(Instructions to follow): Go through the records below and report each line with "also" in it.

*** Data listing Section Begins ***

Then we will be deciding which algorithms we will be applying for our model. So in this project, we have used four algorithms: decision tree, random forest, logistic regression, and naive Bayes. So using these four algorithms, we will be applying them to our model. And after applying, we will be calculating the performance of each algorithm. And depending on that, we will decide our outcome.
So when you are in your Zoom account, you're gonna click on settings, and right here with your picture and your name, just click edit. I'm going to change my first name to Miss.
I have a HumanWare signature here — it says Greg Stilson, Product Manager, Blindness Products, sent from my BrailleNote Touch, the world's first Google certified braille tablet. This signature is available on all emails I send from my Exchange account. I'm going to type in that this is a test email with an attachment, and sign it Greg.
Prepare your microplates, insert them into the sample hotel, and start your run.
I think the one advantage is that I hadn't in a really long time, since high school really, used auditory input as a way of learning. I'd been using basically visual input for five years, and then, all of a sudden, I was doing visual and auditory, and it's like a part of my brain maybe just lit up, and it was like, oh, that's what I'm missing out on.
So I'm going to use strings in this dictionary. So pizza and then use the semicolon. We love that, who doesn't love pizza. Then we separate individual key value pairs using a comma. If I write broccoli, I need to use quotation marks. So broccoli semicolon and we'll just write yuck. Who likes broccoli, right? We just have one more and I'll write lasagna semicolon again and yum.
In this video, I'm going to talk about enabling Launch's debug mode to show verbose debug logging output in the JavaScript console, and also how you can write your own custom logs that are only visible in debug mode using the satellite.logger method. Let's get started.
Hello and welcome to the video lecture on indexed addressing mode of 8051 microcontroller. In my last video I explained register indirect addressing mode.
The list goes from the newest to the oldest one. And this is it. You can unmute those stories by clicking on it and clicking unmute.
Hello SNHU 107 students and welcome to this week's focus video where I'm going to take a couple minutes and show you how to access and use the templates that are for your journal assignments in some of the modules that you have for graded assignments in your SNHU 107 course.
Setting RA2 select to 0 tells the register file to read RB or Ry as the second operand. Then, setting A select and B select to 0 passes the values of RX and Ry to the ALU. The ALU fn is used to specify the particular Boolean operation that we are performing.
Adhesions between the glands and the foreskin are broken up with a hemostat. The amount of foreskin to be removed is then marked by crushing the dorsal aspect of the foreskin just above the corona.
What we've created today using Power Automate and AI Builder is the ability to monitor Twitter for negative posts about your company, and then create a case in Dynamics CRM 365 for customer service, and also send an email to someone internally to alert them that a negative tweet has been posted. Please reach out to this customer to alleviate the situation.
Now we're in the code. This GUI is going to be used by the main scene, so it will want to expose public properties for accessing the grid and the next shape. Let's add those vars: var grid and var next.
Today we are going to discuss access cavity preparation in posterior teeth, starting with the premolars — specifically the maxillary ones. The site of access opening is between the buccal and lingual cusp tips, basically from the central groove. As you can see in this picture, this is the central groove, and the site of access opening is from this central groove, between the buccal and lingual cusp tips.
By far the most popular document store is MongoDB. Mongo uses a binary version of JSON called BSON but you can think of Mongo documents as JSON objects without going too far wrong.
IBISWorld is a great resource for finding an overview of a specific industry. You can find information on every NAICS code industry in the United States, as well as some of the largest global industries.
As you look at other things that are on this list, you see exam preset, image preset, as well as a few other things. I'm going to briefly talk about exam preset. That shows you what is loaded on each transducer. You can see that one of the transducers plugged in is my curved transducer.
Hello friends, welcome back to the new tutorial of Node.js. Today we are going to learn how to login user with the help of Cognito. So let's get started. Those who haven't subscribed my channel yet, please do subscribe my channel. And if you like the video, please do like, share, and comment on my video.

*** Data listing Section Ends ***

(Result of this exercise):
In this video, I'm going to talk about enabling Launch's debug mode to show verbose debug logging output in the JavaScript console, and also how you can write your own custom logs that are only visible in debug mode using the satellite.logger method. Let's get started.
What we've created today using Power Automate and AI Builder is the ability to monitor Twitter for negative posts about your company, and then create a case in Dynamics CRM 365 for customer service, and also send an email to someone internally to alert them that a negative tweet has been posted. Please reach out to this customer to alleviate the situation.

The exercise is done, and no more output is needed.